Philippe Couillard promet 250 000 emplois en cinq ans

Philippe Couillard reprend la promesse de son prédécesseur Jean Charest de créer 250 000 emplois en cinq ans. Un engagement annoncé jeudi matin au moment de présenter son «trio économique» composé de trois candidats de prestige, Jacques Daoust, Martin Coiteux et Carlos Leitao.
Pour honorer sa promesse de créer 250 000 emplois, le chef libéral ressuscitera le Plan Nord. «On va lui donner un massage cardiaque», a-t-il illustré. Il veut aussi rétablir le Plan québécois des infrastructures, instaurer un crédit d'impôt pour la rénovation de maisons et miser sur les accords de libre-échange avec l'Europe et les États-Unis.
Et la prospérité passe aussi par «le grand large», selon Philippe Couillard, qui dévoilera ce matin à Lévis sa Stratégie maritime.
Donner un coup de barre économique à la province est essentiel pour celui qui a pourfendu le bilan péquiste jeudi, l'accusant d'être à la source de la perte de 66 800 emplois en 2013. «Pendant ce temps, il s'en est créé 53 800 en Ontario et 136 800 au Canada», a soutenu M. Couillard.
Même discours chez sa recrue vedette Carlos Leitao. Celui que l'agence Bloomberg News a nommé deuxième meilleur économiste au monde en 2008 a qualifié de «catastrophique» la «situation actuelle pour l'investissement privé au Québec». «Pour une société vieillissante comme la nôtre, avec un très haut niveau de dette, glisser dans une zone de stagnation économique devient extrêmement préoccupant», a-t-il soutenu en conférence de presse à la Tour de la Bourse, à Montréal.
La promesse de créer 250 000 emplois en cinq ans est la même que celle de Jean Charest lors de la campagne de 2012. L'ex-chef libéral et son ministre des Finances de l'époque, Raymond Bachand, avaient convenu que leur cible était «ambitieuse» mais «réaliste».
M. Couillard ne voit rien de mal à reprendre les idées de son prédécesseur. «On s'inscrit dans une longue tradition de préoccupation de l'économie et de réalisations de grands projets. Ces principes économiques ne changent pas.»
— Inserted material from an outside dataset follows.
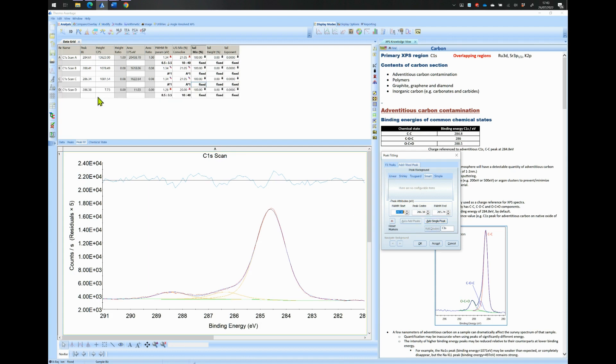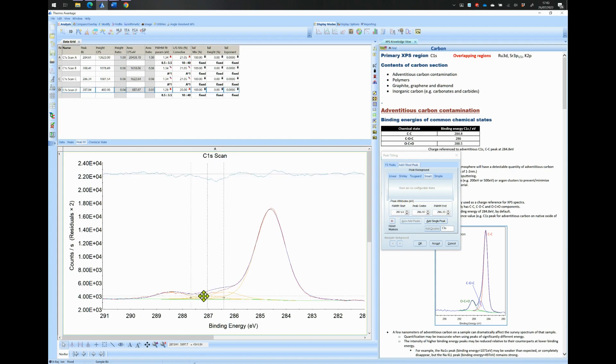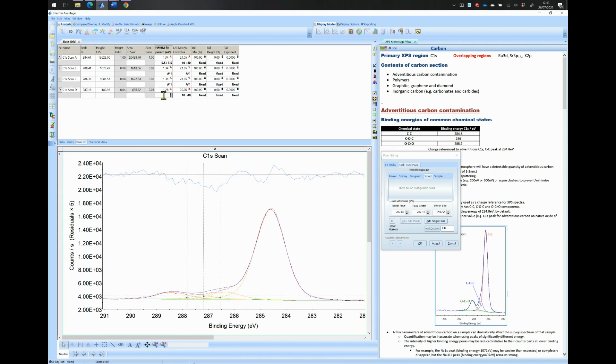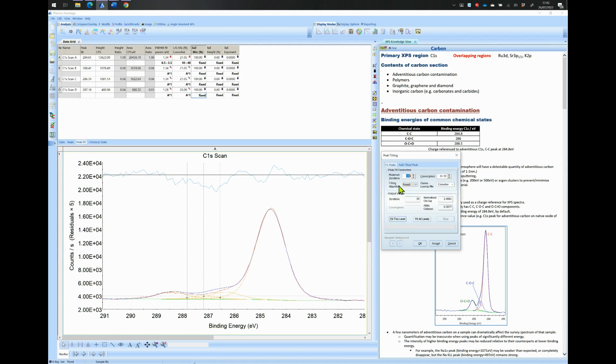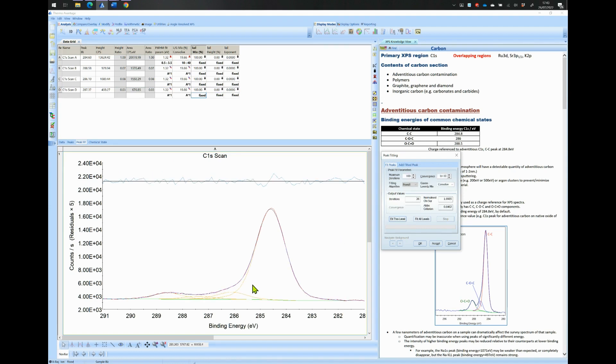Go back to the Add Fitted Peak tab and add another peak around 287 eV. Constrain it to peak A, the same way as we did for peak B and for peak C. Now click on Fit This Level button. The peak fitting model fits now well with our data. The width is 1.3 eV and the LG ratio is closer to 20%.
Au moment d'énoncer ces promesses, Philippe Couillard a présenté les candidats qui composent son «trio économique». Outre Carlos Leitao, les libéraux ont aussi recruté Jacques Daoust. Cet ancien président d'Investissement Québec portera les couleurs du PLQ dans Verdun. Martin Coiteux, de la Banque du Canada, complète le trio dans Nelligan.
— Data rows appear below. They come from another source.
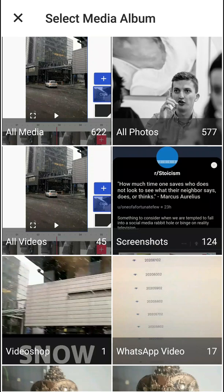Welcome everybody. In this video you will learn how you can easily use Funimate and how you can create transitions, effects, and how you can edit videos. So let's start.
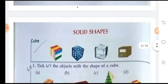Next is solid shapes — we will learn that in our next class. Thank you and have a nice day.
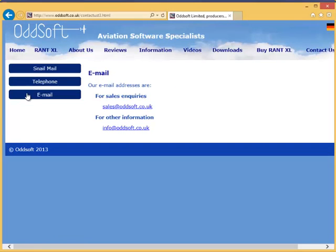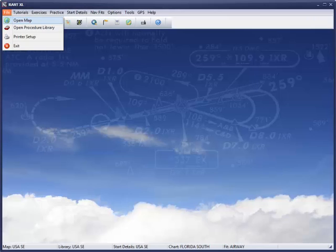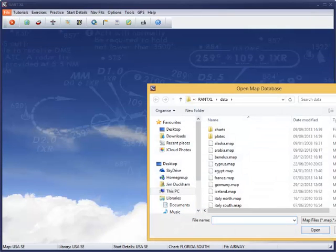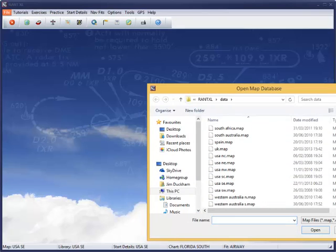Right, let's get on with setting up this program. Today we're going to set up for Tampa, Florida, so we'll go to the File menu and select the right map, which is the USA Southeast.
En après-midi, la caravane libérale s'est rendue à Yamachiche en Mauricie où le chef a visité l'usine de matériaux de construction Duchesne et fils, l'une des deux seules entreprises à fabriquer des clous au Canada. Pour Philippe Couillard, il s'agit du type de PME que son plan annoncé en matinée souhaite aider notamment avec diverses mesures, dont l'aide à l'innovation.
Dans son point de presse, en matinée, à Drummondville, la chef du Parti québécois a accueilli avec un haussement d'épaules la promesse de créer 250 000 emplois sur cinq ans. «C'est le même objectif qu'avait [en 2012] Jean Charest», a avancé Pauline Marois.
«J'imagine qu'il le copie», a-t-elle poursuivi. «M. Couillard dit aussi qu'il va rehausser les investissements publics. Ça veut dire aussi qu'il va faire comme M. Charest. Qu'il va continuer à endetter les Québécois. M. Charest l'a fait de 10 milliards $ par année dans les dernières années de son mandat.»